◆ Action item
Collect every line of the records below that contains the word "нежная".

◆ Recorded data

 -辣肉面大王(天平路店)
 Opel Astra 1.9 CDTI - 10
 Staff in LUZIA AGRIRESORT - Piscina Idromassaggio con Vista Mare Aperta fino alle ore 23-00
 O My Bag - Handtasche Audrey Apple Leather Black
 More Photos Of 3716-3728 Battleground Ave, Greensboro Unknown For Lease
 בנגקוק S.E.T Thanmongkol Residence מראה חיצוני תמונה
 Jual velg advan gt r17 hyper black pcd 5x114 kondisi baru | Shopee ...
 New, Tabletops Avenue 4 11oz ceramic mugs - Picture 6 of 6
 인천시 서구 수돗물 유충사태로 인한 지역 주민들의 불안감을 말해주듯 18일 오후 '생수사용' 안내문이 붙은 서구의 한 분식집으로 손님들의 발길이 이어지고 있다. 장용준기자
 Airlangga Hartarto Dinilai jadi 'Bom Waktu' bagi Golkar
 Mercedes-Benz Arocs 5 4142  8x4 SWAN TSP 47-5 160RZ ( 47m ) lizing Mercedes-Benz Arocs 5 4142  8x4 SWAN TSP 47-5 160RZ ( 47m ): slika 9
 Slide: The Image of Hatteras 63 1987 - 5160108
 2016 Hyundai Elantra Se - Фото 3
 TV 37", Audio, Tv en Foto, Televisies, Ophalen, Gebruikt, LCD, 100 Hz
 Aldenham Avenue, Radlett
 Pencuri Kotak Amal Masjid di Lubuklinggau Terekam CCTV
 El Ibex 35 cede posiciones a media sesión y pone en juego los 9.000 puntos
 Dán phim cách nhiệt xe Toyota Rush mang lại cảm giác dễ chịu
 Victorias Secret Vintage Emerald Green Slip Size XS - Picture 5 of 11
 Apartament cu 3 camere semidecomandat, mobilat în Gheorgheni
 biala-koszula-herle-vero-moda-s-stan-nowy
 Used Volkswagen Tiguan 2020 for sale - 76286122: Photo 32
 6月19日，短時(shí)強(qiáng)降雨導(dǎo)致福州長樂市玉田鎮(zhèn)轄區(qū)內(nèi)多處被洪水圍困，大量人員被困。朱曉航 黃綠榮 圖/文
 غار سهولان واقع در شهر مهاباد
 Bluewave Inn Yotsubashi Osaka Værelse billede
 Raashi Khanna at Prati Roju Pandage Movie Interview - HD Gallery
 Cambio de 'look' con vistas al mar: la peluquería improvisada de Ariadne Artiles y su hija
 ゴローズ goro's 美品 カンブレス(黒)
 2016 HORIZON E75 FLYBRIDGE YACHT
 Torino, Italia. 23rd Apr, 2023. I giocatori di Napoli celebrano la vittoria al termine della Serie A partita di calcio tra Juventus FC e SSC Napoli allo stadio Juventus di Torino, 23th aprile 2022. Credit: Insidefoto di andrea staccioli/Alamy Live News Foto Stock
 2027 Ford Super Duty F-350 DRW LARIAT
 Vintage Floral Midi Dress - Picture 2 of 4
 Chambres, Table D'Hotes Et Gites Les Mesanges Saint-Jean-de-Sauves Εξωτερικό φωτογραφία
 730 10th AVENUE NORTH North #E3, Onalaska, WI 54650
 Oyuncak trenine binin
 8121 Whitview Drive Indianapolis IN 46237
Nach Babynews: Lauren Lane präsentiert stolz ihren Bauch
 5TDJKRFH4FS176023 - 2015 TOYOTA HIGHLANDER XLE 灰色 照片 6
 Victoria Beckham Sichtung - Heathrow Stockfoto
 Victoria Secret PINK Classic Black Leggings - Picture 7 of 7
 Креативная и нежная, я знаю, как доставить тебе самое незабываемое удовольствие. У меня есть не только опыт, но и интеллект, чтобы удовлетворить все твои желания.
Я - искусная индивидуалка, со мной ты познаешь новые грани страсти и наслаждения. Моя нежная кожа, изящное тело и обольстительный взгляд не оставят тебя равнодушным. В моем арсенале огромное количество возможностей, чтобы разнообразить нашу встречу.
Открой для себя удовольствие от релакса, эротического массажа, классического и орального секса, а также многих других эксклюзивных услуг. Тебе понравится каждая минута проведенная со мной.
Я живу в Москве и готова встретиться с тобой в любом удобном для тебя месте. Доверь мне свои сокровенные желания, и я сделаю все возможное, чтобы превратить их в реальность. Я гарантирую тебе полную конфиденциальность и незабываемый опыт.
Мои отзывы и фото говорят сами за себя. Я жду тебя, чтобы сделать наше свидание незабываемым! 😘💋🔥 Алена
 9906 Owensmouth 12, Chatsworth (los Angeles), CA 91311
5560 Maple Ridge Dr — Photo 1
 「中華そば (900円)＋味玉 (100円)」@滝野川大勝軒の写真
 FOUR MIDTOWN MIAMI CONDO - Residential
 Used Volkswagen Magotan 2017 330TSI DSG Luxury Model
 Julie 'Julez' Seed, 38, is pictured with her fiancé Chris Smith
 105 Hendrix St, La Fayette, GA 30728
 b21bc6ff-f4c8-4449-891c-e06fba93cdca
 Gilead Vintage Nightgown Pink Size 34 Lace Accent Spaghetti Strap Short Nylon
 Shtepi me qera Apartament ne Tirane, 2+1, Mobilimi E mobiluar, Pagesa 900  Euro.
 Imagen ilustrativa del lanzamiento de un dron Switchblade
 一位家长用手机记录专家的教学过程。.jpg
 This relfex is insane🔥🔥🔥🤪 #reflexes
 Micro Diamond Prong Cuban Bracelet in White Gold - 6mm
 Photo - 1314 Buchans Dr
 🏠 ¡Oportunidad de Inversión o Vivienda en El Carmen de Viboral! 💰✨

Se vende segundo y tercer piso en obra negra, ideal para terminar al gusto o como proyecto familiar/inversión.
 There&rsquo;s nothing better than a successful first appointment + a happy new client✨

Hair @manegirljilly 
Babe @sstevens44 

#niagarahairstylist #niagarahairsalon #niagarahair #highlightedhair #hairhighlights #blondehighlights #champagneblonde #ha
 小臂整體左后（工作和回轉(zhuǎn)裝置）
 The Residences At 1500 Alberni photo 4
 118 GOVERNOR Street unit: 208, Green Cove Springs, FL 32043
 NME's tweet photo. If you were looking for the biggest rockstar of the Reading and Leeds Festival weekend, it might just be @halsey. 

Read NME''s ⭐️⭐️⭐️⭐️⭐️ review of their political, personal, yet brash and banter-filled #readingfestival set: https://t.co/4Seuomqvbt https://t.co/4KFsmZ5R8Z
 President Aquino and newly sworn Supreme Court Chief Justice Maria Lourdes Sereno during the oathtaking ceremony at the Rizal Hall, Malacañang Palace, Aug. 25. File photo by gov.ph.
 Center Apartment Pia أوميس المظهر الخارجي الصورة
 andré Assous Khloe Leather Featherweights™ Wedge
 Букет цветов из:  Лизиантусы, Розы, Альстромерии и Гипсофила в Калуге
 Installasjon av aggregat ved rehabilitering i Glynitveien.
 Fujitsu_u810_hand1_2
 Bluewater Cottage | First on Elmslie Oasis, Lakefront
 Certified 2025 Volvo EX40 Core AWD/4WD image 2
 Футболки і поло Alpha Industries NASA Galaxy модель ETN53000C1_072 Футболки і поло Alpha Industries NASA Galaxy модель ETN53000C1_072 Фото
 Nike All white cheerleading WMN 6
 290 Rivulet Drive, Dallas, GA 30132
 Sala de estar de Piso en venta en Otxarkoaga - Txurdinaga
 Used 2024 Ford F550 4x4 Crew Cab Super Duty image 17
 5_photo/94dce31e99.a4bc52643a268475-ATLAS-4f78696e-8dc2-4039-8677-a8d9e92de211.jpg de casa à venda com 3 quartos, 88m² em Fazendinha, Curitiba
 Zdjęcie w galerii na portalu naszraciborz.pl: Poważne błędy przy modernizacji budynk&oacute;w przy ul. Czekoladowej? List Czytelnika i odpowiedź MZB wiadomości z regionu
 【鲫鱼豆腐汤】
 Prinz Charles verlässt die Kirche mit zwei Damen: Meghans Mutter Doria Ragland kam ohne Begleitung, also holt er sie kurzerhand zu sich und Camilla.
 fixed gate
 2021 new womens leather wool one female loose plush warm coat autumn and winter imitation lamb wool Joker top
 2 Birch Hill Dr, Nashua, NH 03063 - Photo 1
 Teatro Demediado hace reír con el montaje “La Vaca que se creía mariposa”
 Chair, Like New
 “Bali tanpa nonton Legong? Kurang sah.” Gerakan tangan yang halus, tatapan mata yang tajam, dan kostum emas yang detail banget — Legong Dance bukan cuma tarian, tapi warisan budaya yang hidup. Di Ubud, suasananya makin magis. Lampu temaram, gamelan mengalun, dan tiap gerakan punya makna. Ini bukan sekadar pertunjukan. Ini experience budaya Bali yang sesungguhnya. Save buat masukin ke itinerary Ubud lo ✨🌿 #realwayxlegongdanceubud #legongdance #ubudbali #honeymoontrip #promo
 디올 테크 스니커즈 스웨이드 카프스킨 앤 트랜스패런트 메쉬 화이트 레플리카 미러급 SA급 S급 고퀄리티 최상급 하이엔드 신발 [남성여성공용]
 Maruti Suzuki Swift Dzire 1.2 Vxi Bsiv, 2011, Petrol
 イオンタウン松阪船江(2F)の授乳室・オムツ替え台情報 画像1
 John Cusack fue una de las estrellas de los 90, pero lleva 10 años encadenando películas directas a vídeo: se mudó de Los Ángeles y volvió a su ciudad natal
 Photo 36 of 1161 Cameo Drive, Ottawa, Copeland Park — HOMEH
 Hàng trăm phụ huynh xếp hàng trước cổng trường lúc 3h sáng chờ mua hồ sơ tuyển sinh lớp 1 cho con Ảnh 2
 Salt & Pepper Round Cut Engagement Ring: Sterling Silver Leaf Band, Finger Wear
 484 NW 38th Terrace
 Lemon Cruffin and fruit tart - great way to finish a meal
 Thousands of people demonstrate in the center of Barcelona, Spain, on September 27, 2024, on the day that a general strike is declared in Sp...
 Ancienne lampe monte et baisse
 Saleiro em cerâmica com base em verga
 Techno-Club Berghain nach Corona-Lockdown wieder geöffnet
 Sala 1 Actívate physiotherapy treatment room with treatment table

◆ Solution below
 Креативная и нежная, я знаю, как доставить тебе самое незабываемое удовольствие. У меня есть не только опыт, но и интеллект, чтобы удовлетворить все твои желания.
Я - искусная индивидуалка, со мной ты познаешь новые грани страсти и наслаждения. Моя нежная кожа, изящное тело и обольстительный взгляд не оставят тебя равнодушным. В моем арсенале огромное количество возможностей, чтобы разнообразить нашу встречу.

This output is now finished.